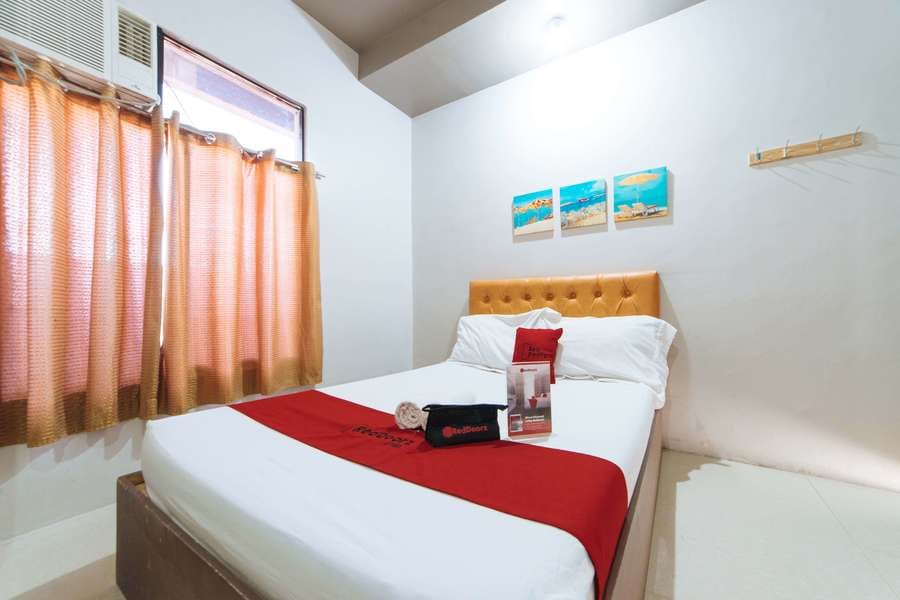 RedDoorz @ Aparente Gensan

...

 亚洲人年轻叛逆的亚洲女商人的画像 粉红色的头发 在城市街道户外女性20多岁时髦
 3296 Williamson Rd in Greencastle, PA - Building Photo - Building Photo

---

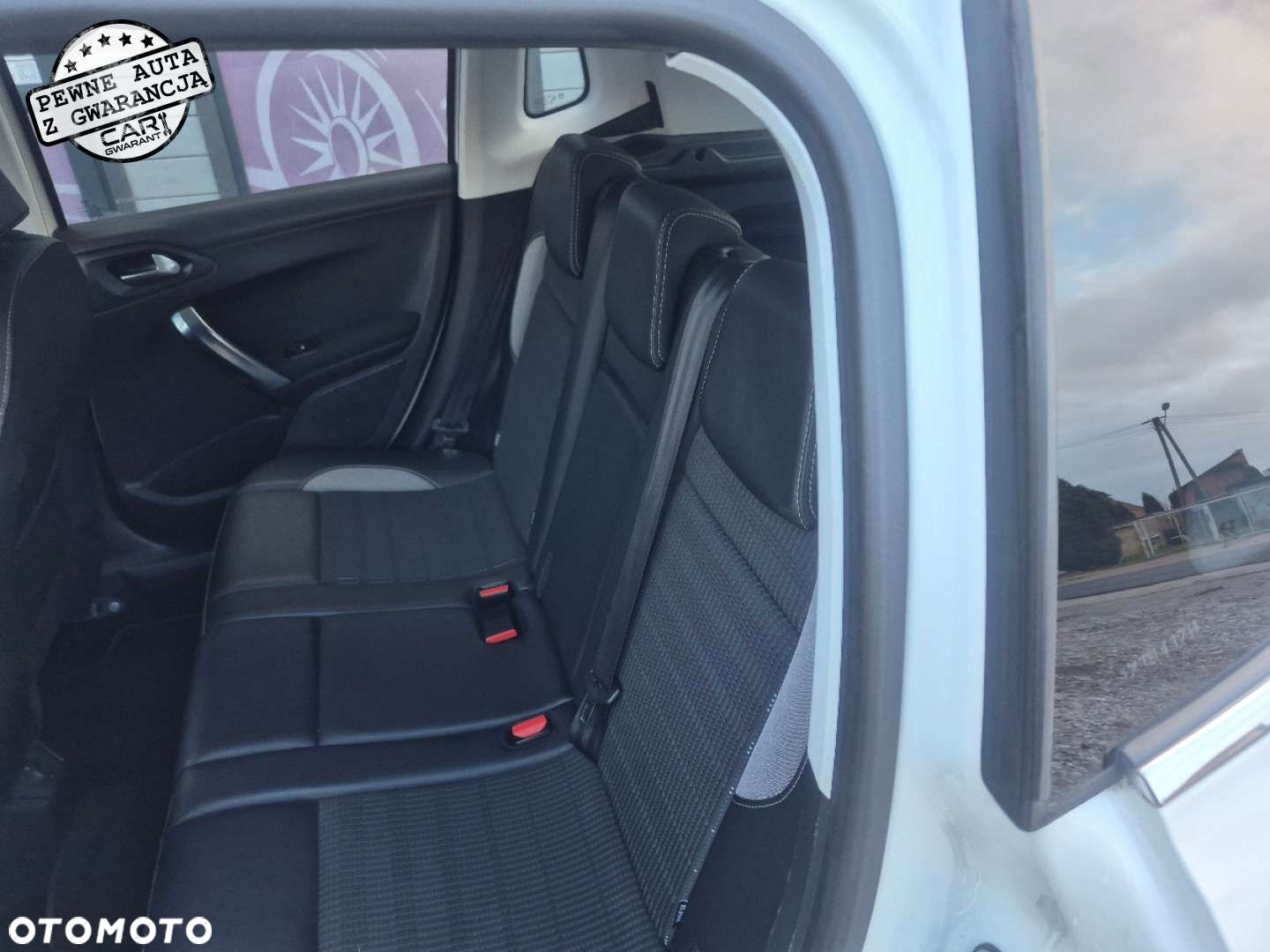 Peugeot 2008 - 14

■ YOUR INSTRUCTIONS: Find the line with "亚洲人年轻叛逆的亚洲女商人的画像 粉红色的头发 在城市街道户外女性20多岁时髦" in the material above. Reproduce it and each line after it up to and including the line with "3296 Williamson Rd".

■ SOLUTION TO THE PROBLEM:
 亚洲人年轻叛逆的亚洲女商人的画像 粉红色的头发 在城市街道户外女性20多岁时髦
 3296 Williamson Rd in Greencastle, PA - Building Photo - Building Photo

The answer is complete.